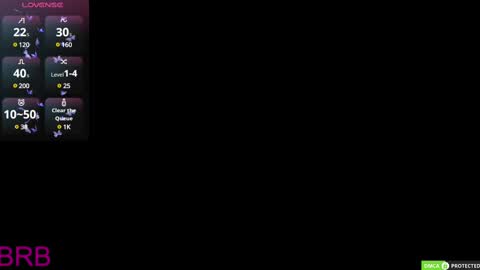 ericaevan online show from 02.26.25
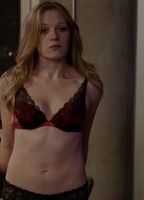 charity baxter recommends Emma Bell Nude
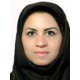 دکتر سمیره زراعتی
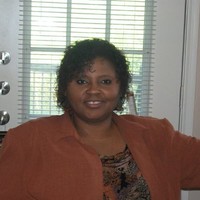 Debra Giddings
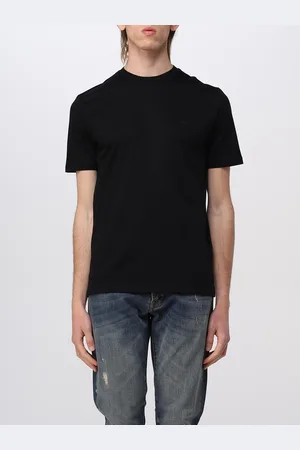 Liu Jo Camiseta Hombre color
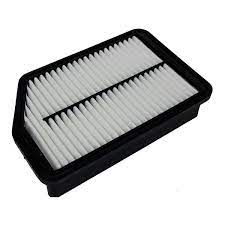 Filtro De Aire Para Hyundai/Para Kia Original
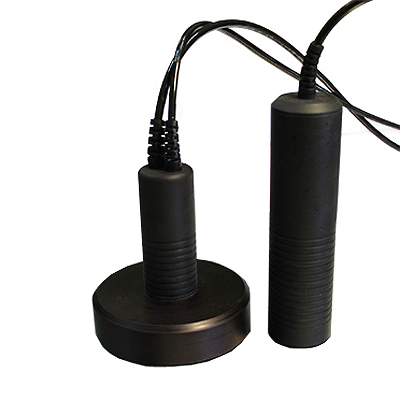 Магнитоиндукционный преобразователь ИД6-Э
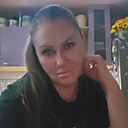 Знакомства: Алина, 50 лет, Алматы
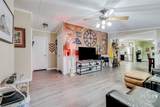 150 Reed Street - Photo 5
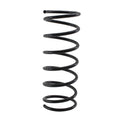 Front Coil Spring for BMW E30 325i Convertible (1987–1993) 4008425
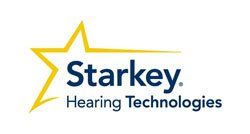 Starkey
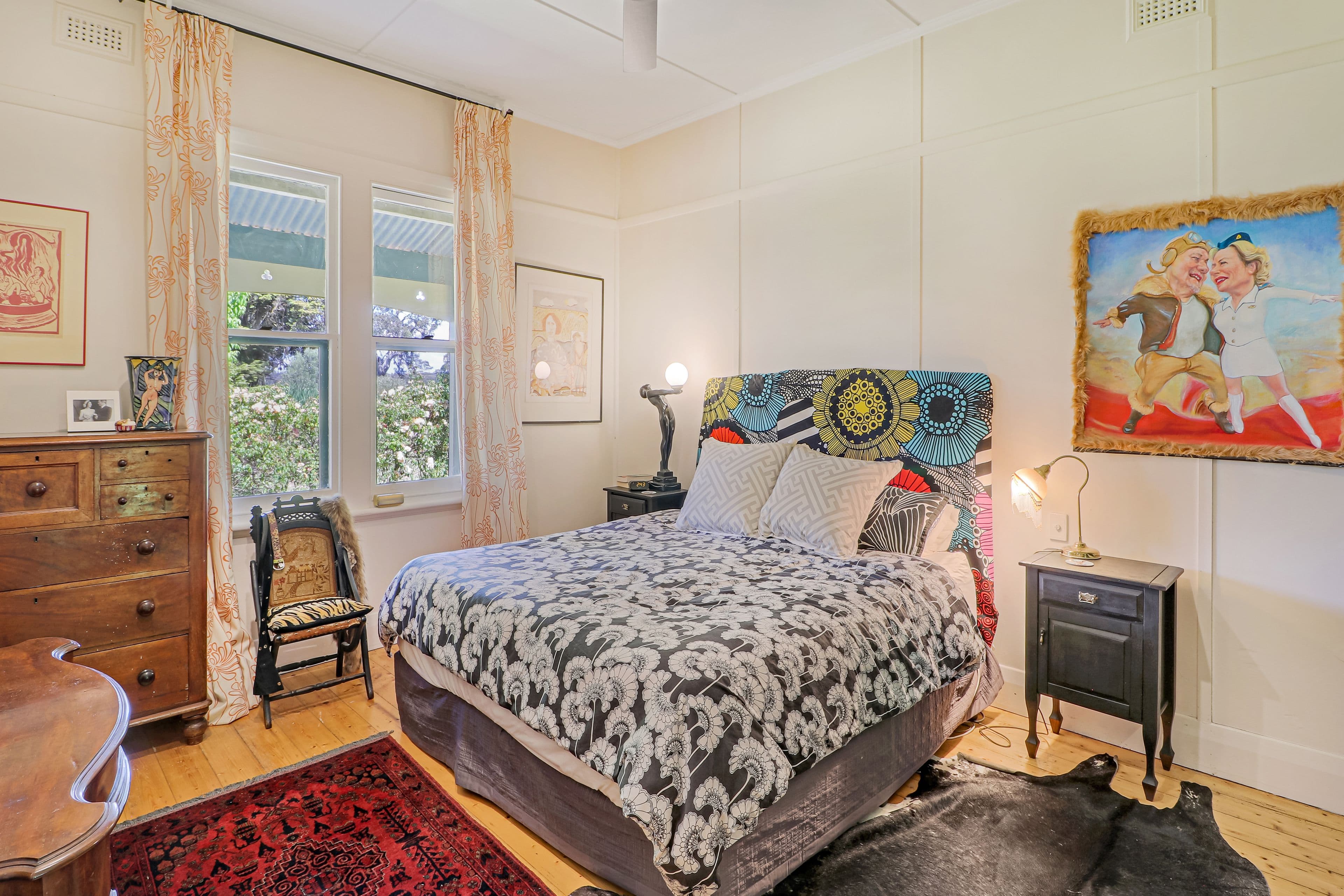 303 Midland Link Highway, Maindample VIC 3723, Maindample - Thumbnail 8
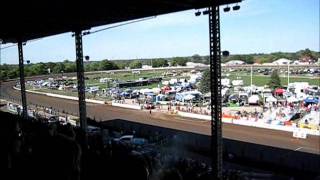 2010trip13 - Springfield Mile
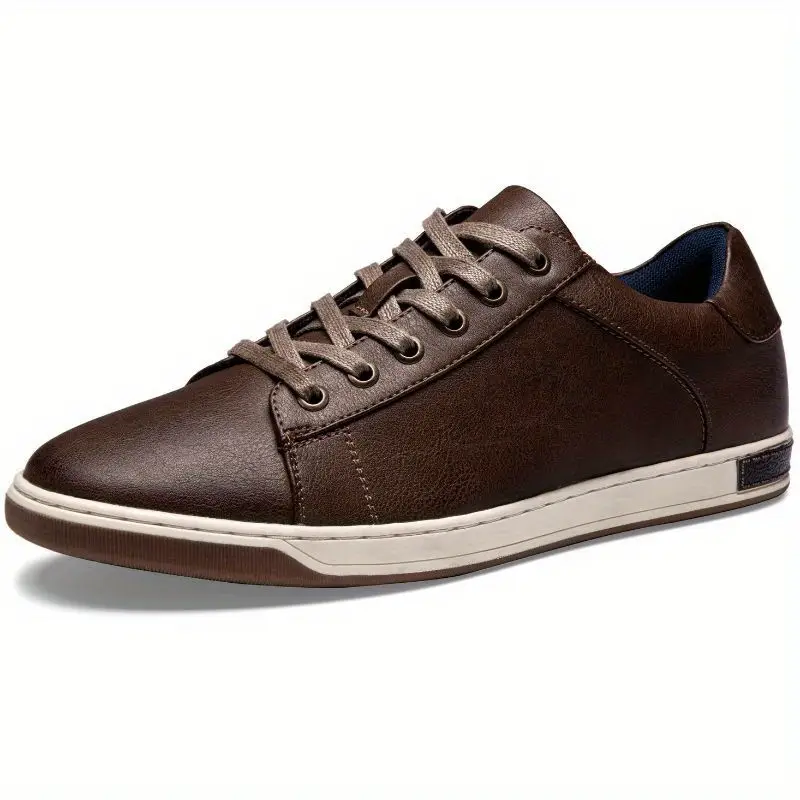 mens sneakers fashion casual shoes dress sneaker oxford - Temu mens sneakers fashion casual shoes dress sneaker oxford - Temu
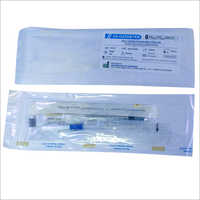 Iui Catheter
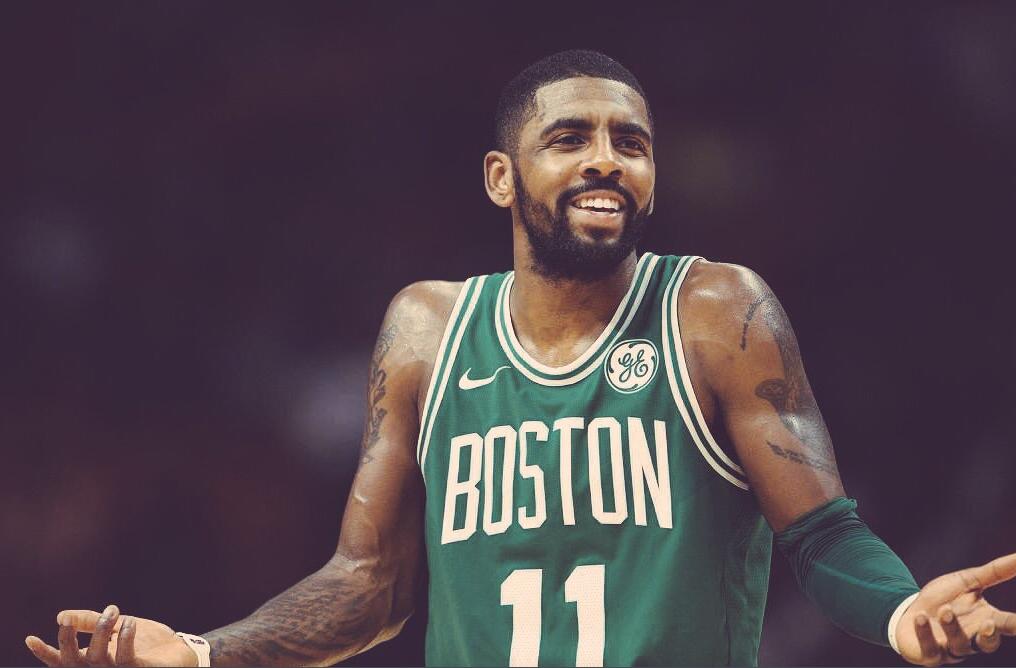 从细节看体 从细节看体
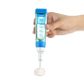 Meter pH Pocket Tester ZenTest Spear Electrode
◇ ◇ ◇ ◇
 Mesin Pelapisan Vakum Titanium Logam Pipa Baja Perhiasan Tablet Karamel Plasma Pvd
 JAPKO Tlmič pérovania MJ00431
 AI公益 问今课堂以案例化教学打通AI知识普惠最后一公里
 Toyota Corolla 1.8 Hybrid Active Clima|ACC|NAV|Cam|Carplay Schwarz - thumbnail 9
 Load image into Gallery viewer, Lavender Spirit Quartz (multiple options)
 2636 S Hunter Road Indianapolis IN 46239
◇ ◇ ◇ ◇
(INSTRUCTIONS TO FOLLOW)
Copy only the lines above from the one containing "Знакомства: Алина, 50 лет, Алматы" through the one containing "2010trip13 - Springfield Mile", both included. Leave out the pictures.

(SOLUTION FOR THIS TASK)
 Знакомства: Алина, 50 лет, Алматы
 150 Reed Street - Photo 5
 Front Coil Spring for BMW E30 325i Convertible (1987–1993) 4008425
 Starkey
 303 Midland Link Highway, Maindample VIC 3723, Maindample - Thumbnail 8
 2010trip13 - Springfield Mile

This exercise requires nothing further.